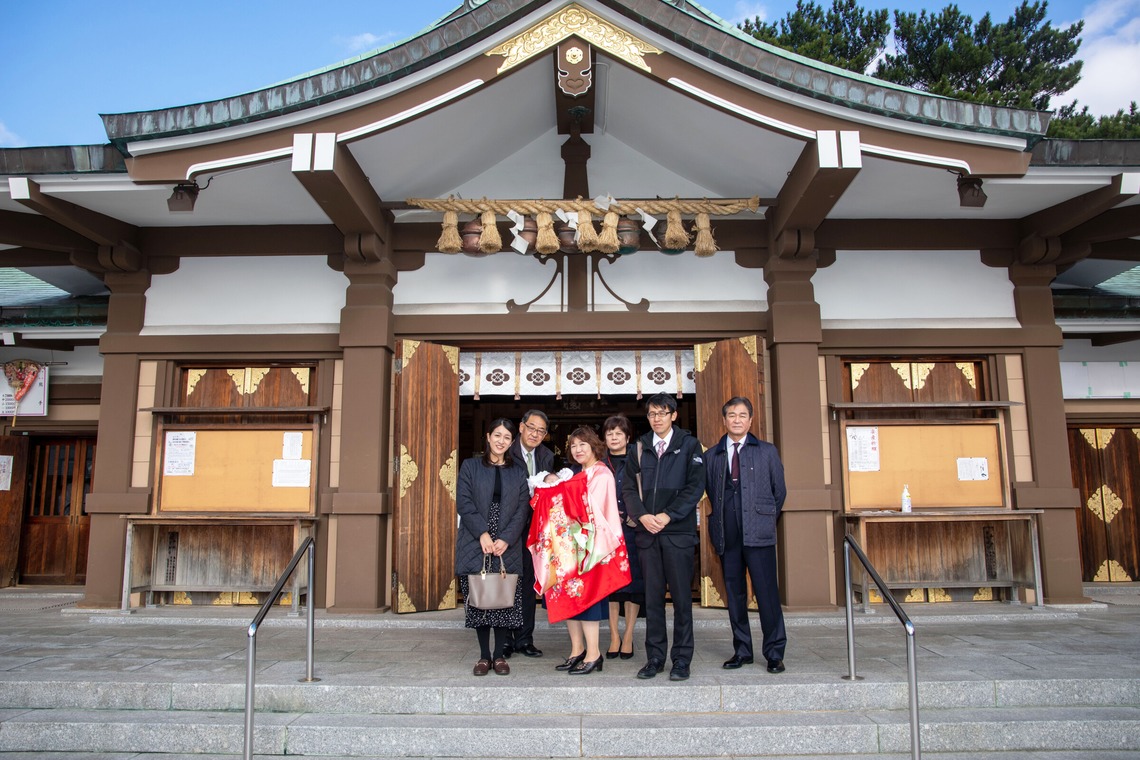 岩坪眞一郎が撮影した「初宮参り」の写真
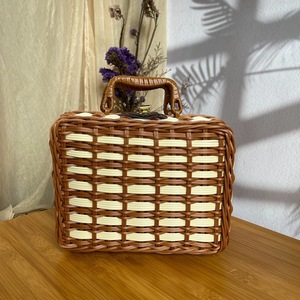Panier de pique-nique rectangulaire en <span class=keywords><strong>rotin</strong></span> de taille moyenne <span class=keywords><strong>vintage</strong></span>, boîte-cadeau pour organisateur de jouets de mariage et valise - Product Image 1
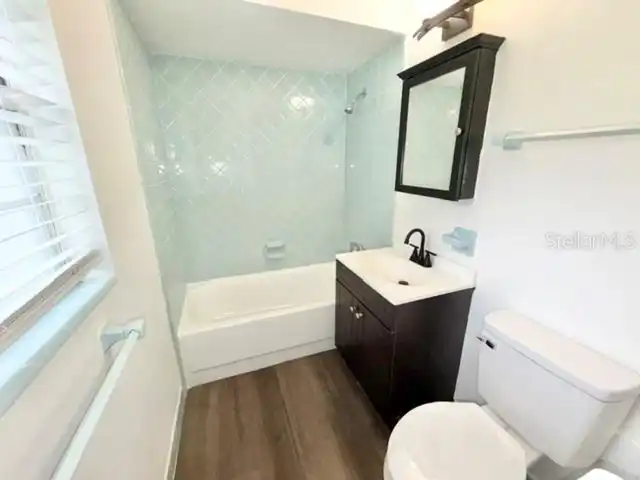 Listing Photo 12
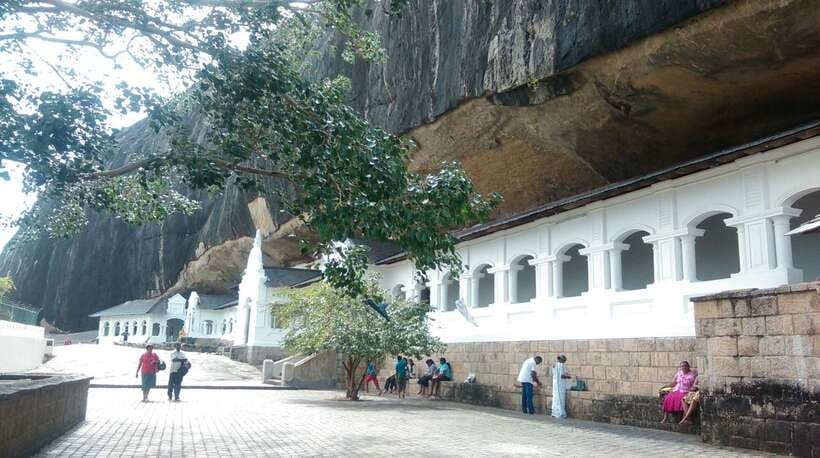 From Colombo: All Inclusive Sigiriya, Dambulla &Village Tour - What to Watch For: Tips, Extra Stops, and Getting Back Late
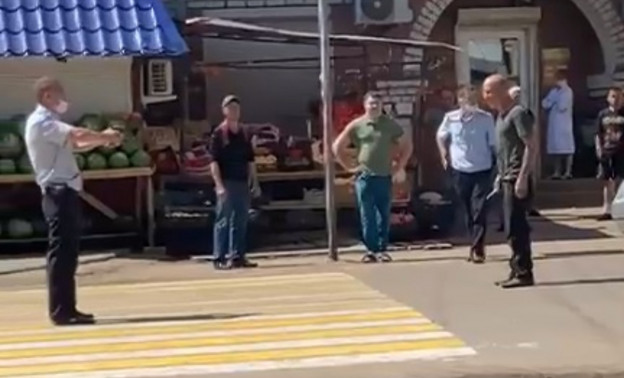 В центре Котельнича полицейский применил пистолет, чтобы задержать мужчину с ножом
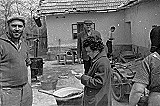 647 1962-4. ...ale majster Mičányi mal už nože nabrúsené. Aj domáce zakáľačky boli súčasťou života na dedine.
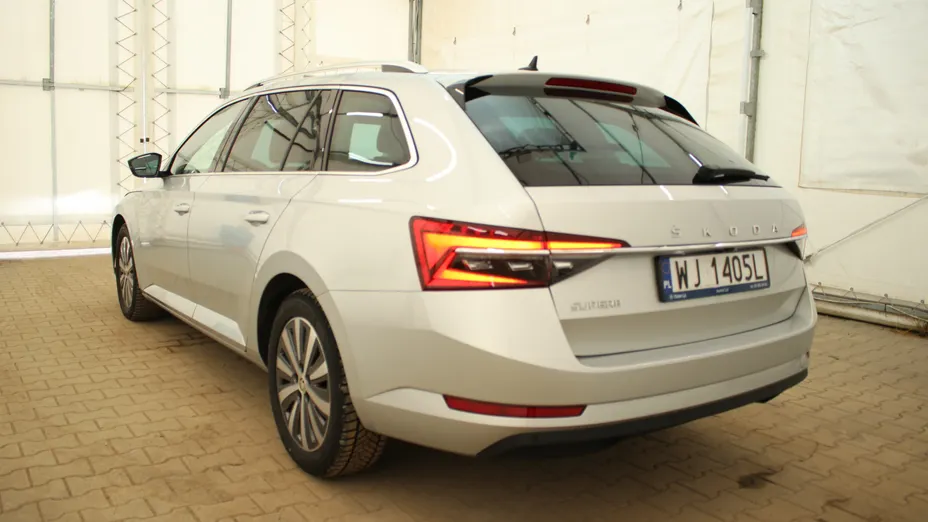SKODA Superb Superb 2.0 TDI SCR Style DSG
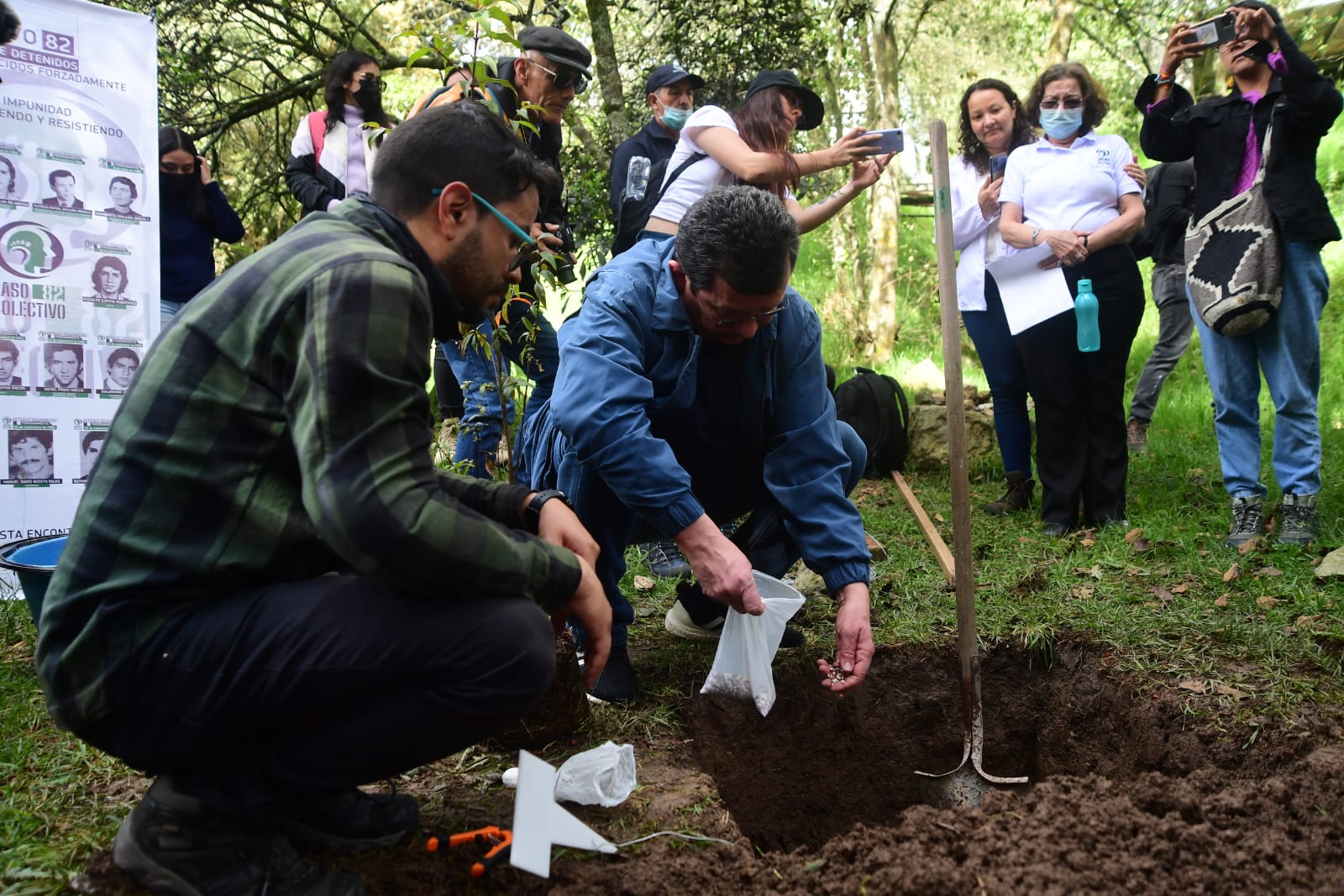 Siembra de Guayacanes, Colectivo 82: 3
....................
Print exactly, and only, the lines from the line containing "Listing Photo 12" to the last line of the material above, with every picture left out.

 Listing Photo 12
 From Colombo: All Inclusive Sigiriya, Dambulla &Village Tour - What to Watch For: Tips, Extra Stops, and Getting Back Late
 В центре Котельнича полицейский применил пистолет, чтобы задержать мужчину с ножом
 647 1962-4. ...ale majster Mičányi mal už nože nabrúsené. Aj domáce zakáľačky boli súčasťou života na dedine.
SKODA Superb Superb 2.0 TDI SCR Style DSG
 Siembra de Guayacanes, Colectivo 82: 3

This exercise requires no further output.